【噴水台】道を探す方法がなければ、つくっていく=韓国
ⓒ 中央日報/中央日報日本語版2013.09.03 13:05
9月の最初の出勤日だった昨日の朝、バスに乗って光化門(クァンファムン)の四つ角を過ぎ、新しく変わった詩句を見た。「コロコロコロ/本の中でコオロギの声をきいた/私は目を閉じて/コオロギの声だけをきく」(キム・ヨンイルの児童詩『コオロギの鳴く夜』)。教保(キョボ)生命ビルにかけられた「光化門文板」だ。秋だなと思う。ソウル中心街の季節の変化は、光化門文板が衣替えをして始まる。そうでなくても何日か前から残暑までも衰えた兆しがはっきり感じられた。蚊と任務交代したコオロギの声が、耳をくすぐっていたところであった。その上、9月は読書の月。
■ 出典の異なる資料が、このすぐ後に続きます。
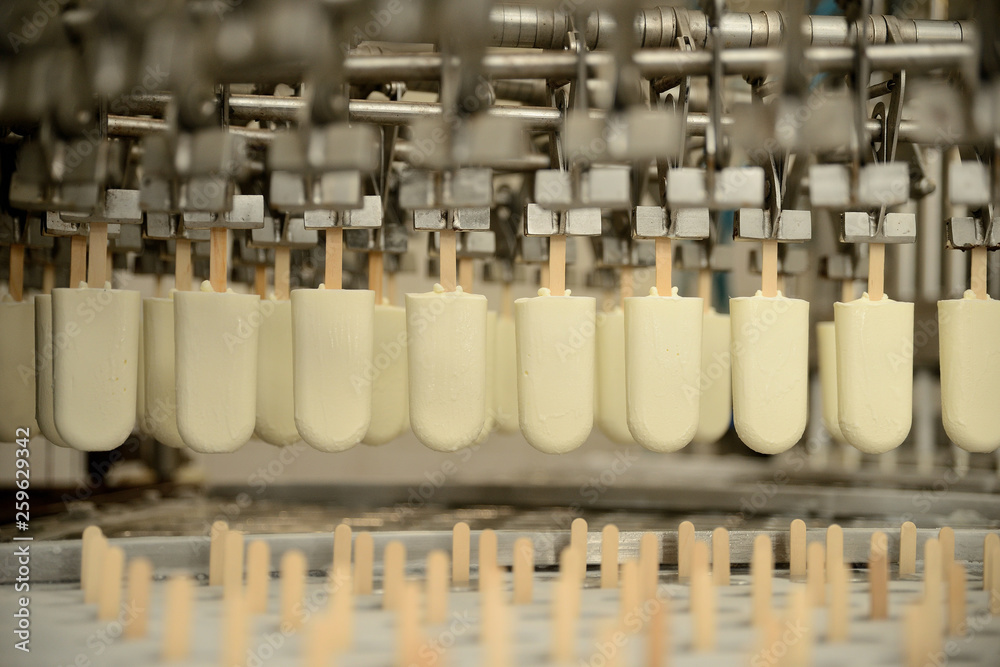 The conveyor automatic lines for the production of ice cream. Production of ice-cream at milk factory The conveyor automatic lines for the production of ice cream. Production of ice-cream at milk factory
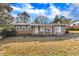 Brick ranch home with gray trim, covered porch, and well-maintained lawn at 704 Sunnybrook Rd, Raleigh, NC 27610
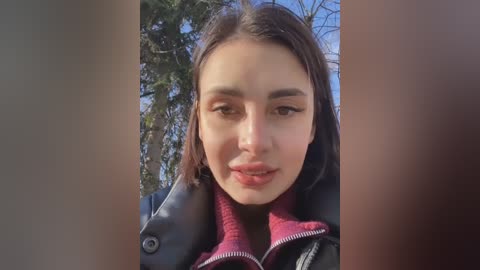 Media: Video of a young woman with light skin and dark hair, wearing a black jacket with a red lining, standing outdoors near trees. She has a neutral expression.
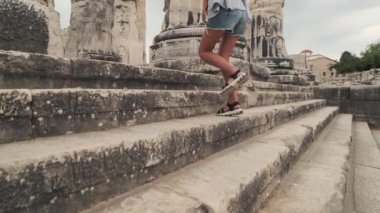 Sandaletli bir kadın, güneşli bir günde antik şehrin merdivenlerinden çıkar. Yavaş çekimde, turist zirveye tırmanır. Dinlen, seyahat et, tırman. Güzel görüntüler. döşeme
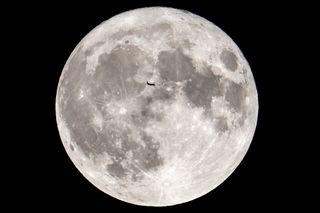 a fully illuminated moon with a small black silhouette of an airplane in the center.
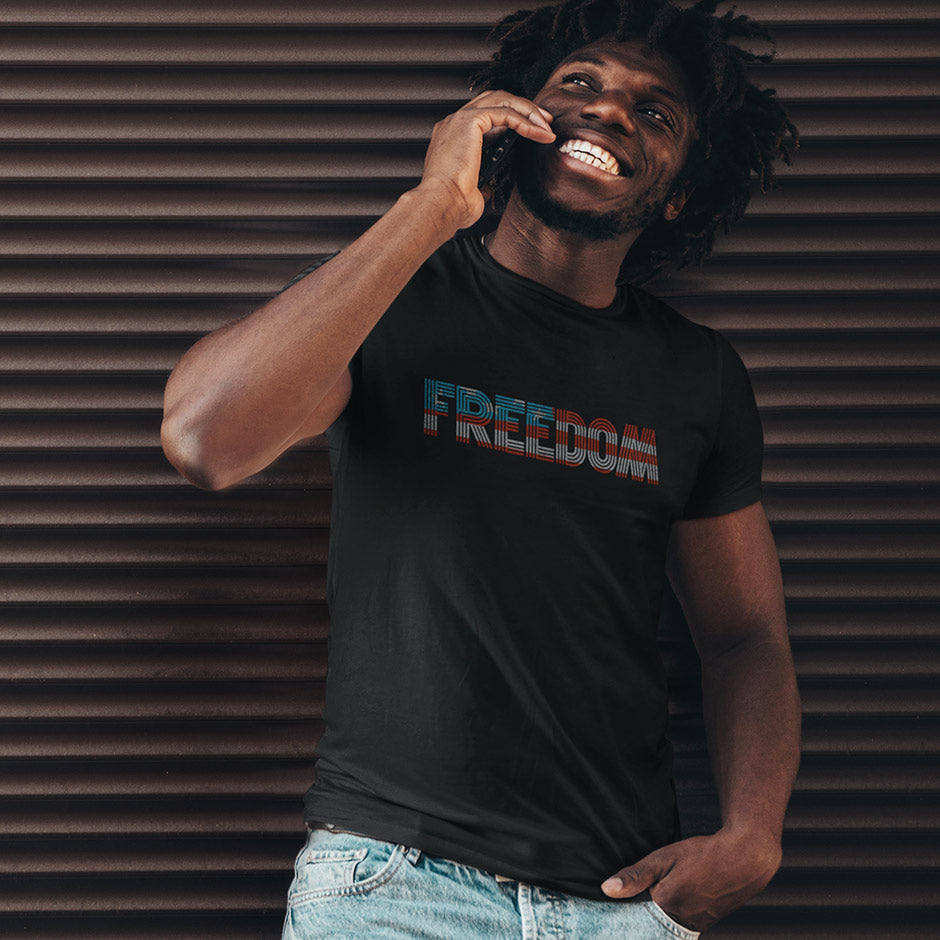 smiling guy wearing a mens fourth of july shirt that reads freedom in a fun font and red white and blue American flag colors. The Patriotic T Shirts For Men are designed and printed in Detroit Michigan. 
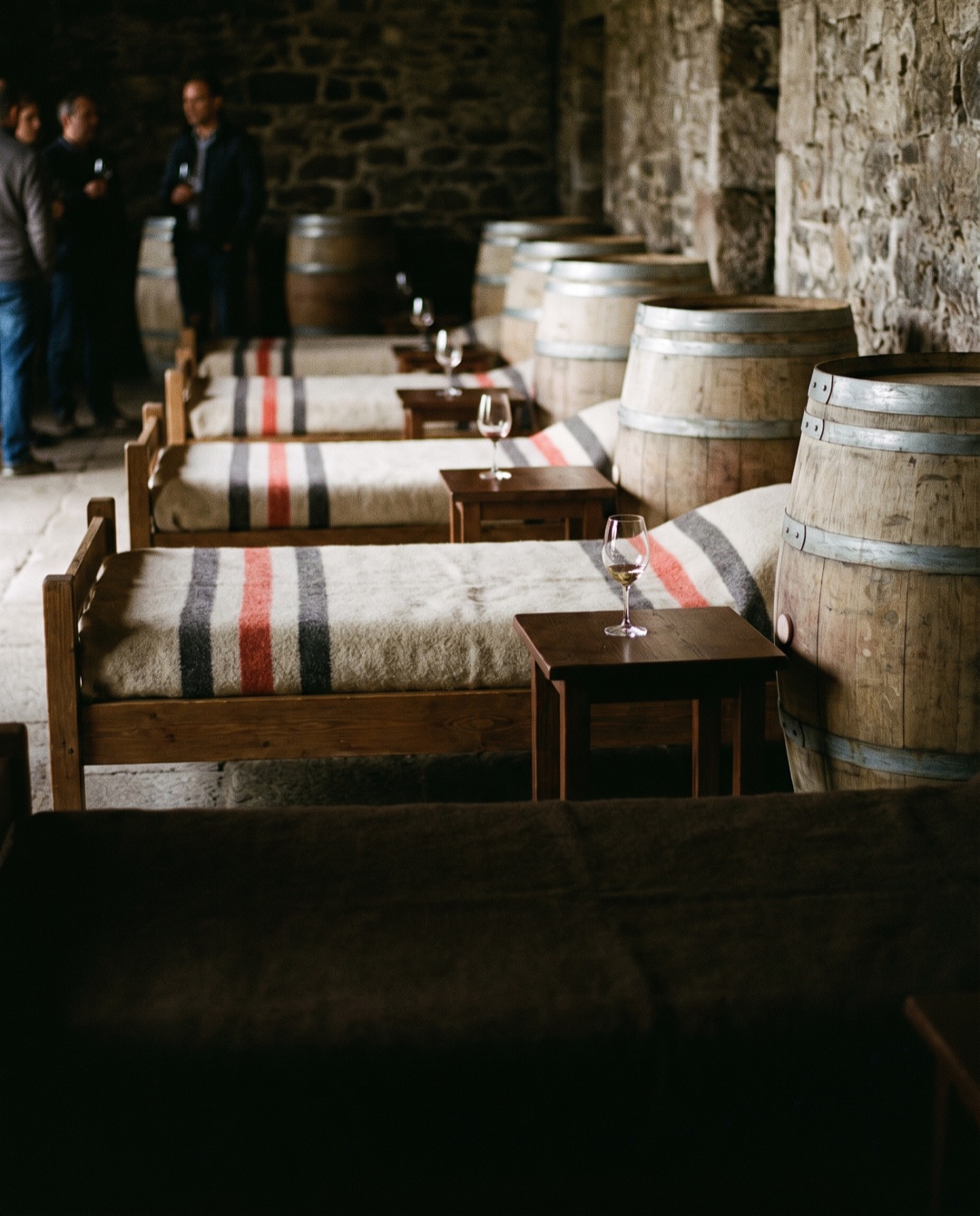 Cushioned daybeds arranged between oak barrels in a dim cellar, each with a folded blanket and a single wine glass.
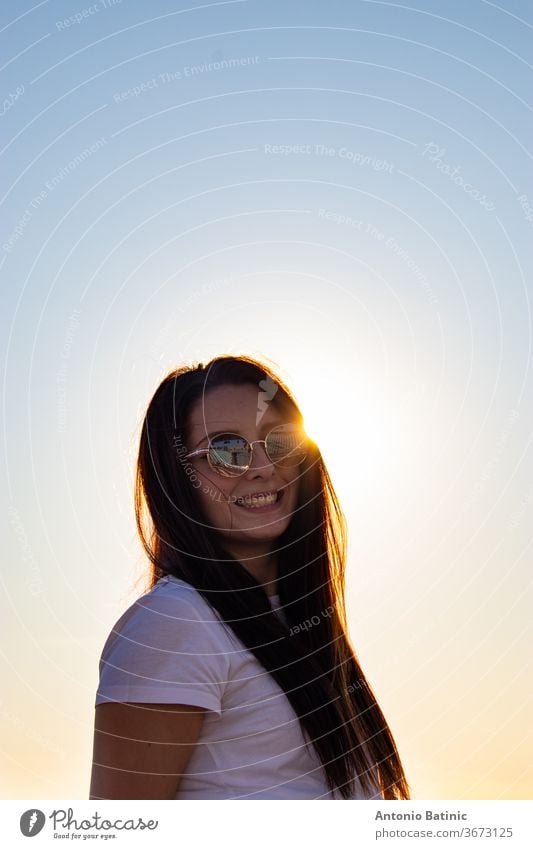 Attraktive Brünette mit Sonnenbrille lachend , Sonne direkt hinter dem Kopf spähend, goldene Sonnenuntergangsstunde. attraktiv Hintergrund schön Schönheit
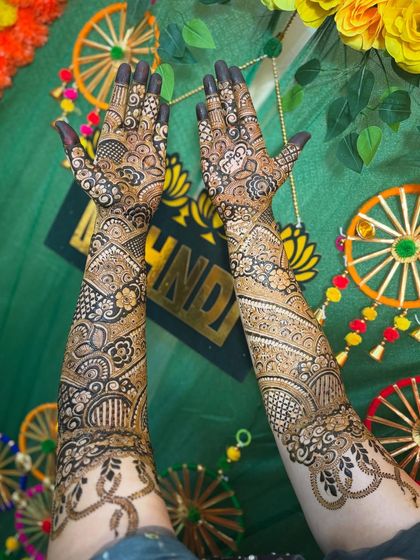 My bride Sonu looking so happy with her unique Indo-Arabic mehendi featuring snake motifs.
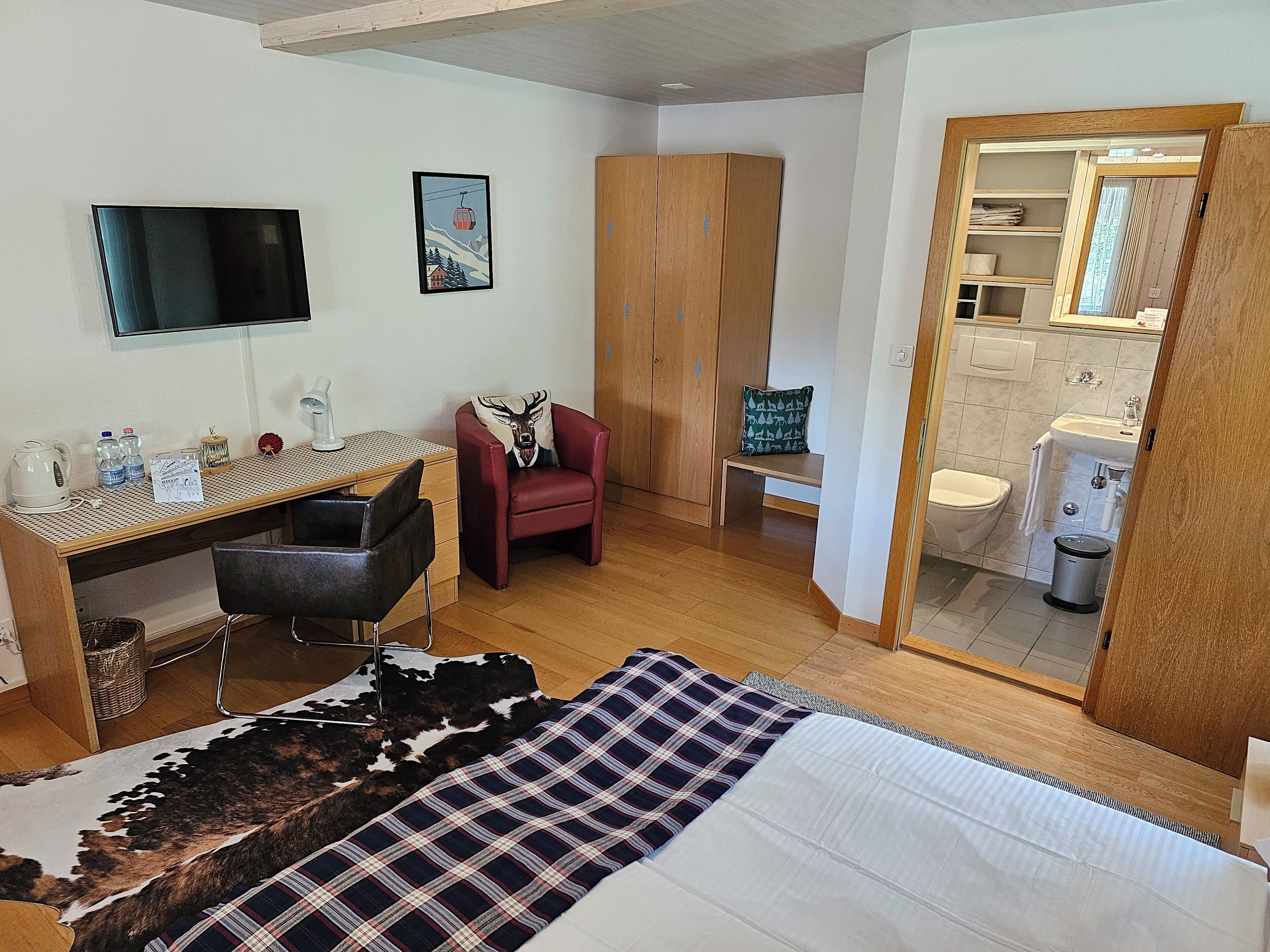 Habitación de hotel con cama, escritorio con silla, sillón rojo, pequeño banco, espejo y baño visible a través de una puerta abierta.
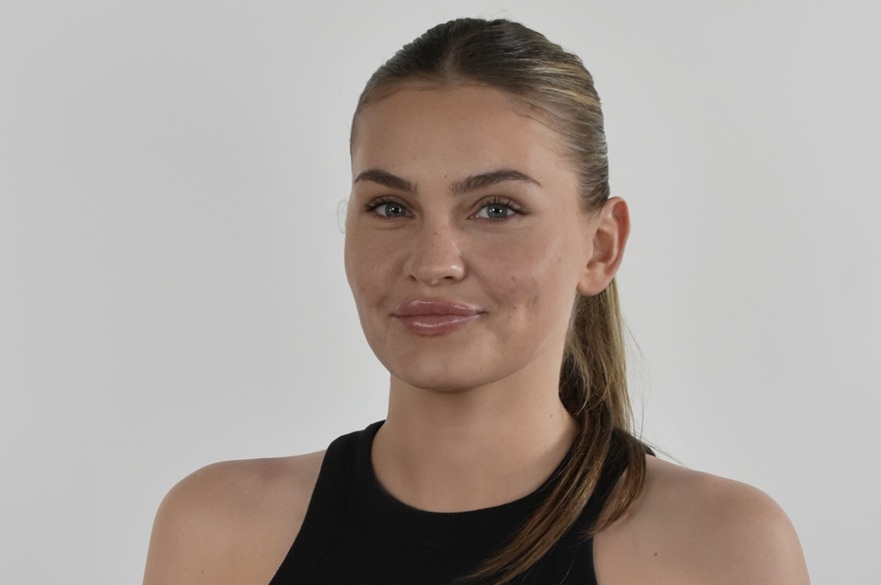 A person posing for a photo, smiling at camera.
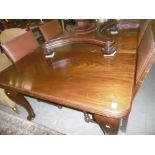 A MAHOGANY QUEEN ANN STYLE DINING TABLE WITH LEAF AND HANDLE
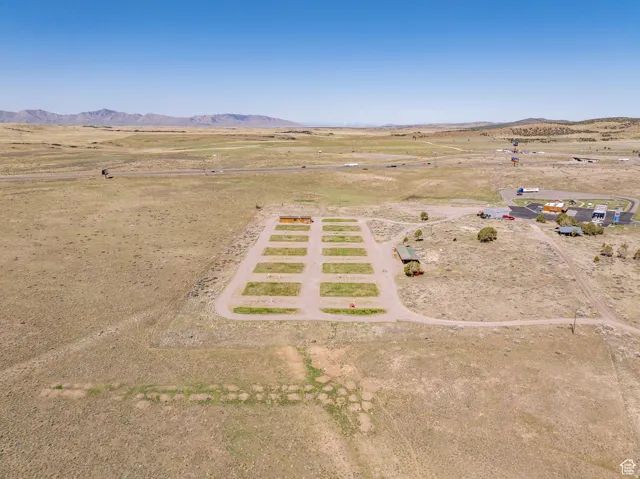 Overview of rural landscape featuring a mountainous background and a desert landscape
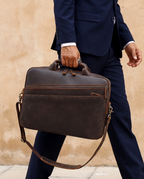 A man in a navy blue suit carrying a dark brown leather briefcase with a top handle and adjustable shoulder strap, set against a textured beige wall.
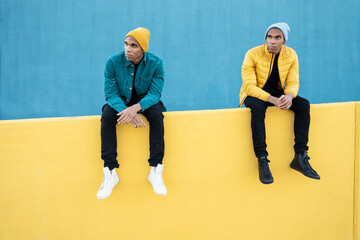 Wall Mural - Funny black twin brothers wearing winter clothes, sitting on yellow and blue wall 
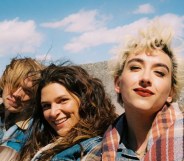 National Anthem still: Charlie Plummer, Eve Lindley, and Mason Alexander Park in the back of a truck wearing denim jackets, their hair blowing in the wind.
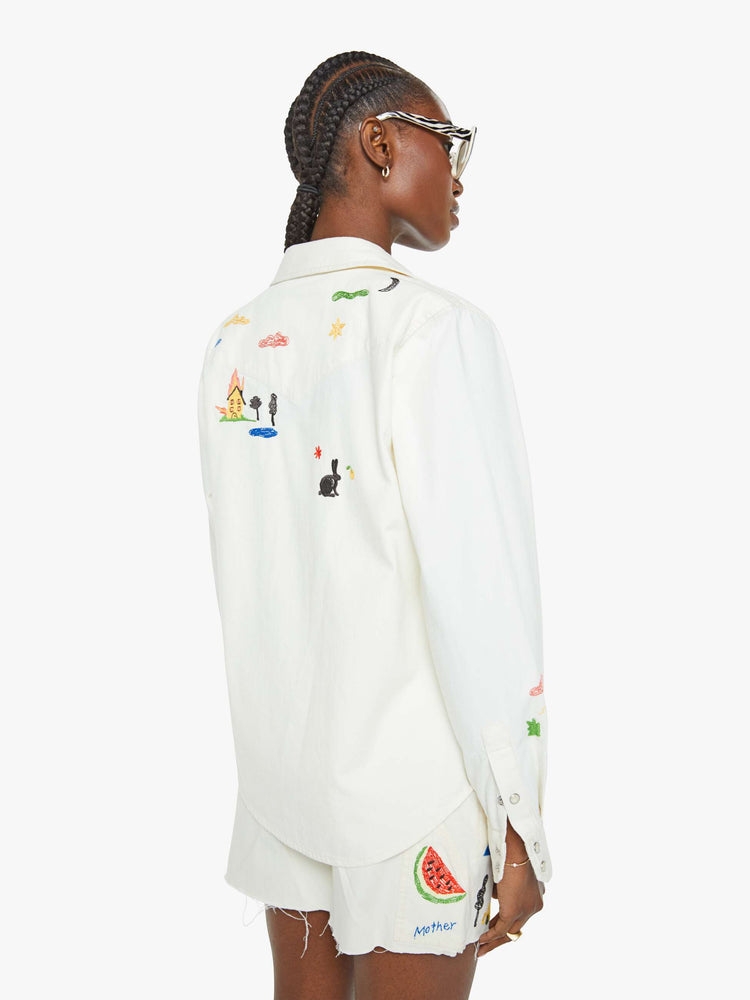 Back view of a woman in a white with embroidery throughout denim button-up with front patch pockets and a curved hem.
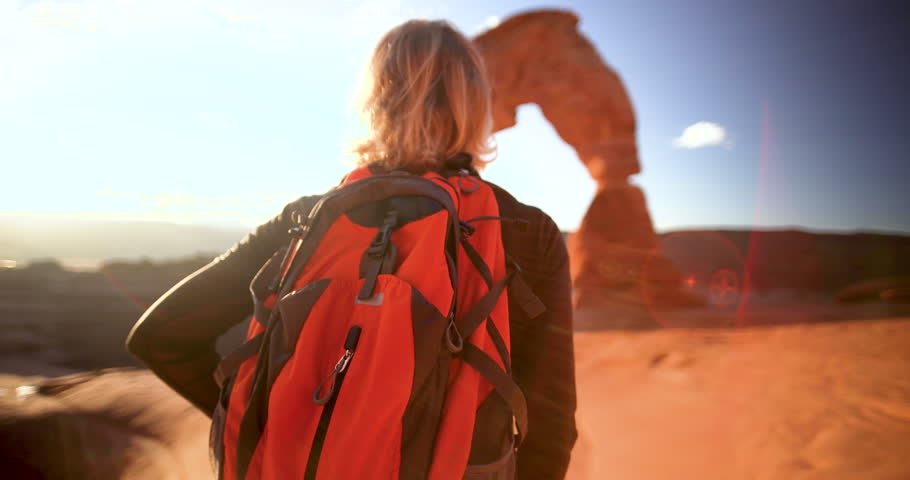 Delicate Arch female traveller natural rock formations Landscape Arches National Park Utah sunset travel tourism America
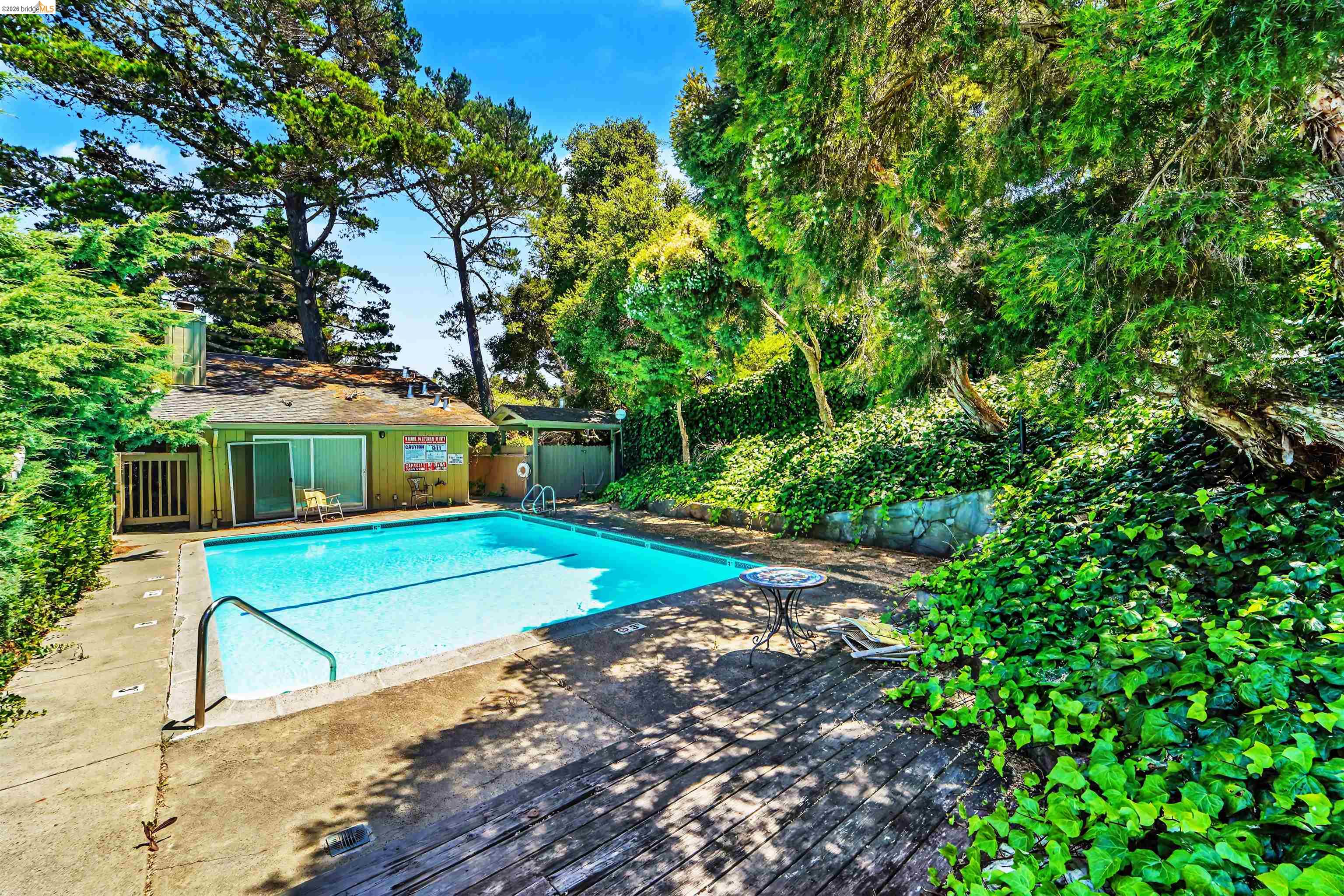 4186 San Pablo Dam Road, Unit A El Sobrante, CA 94803 - Photo 33 of 34 Outdoor swimming pool surrounded by a concrete deck and wood-finish patio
草創期で広報中心だった光化門文板が変わったのは、1990年代末の外国為替危機のころだった。当時の教保生命のシン・ヨンホ会長(1917~2003)が「広報は考えず、市民らに癒しを」と提案して詩を掲げ始めた。光化門の四つ角に社屋を構え、地下の貴重な空間に商店街を入れて金を稼ぐような考えもせず、書店(教保文庫)を出した彼らしい発想だった。興味深いのは、教育保険を創案して大韓民国で一番大きな書店をつくったシン・ヨンホ本人は、もともと無学だったという点だ。小学校の門をくぐることができなかった。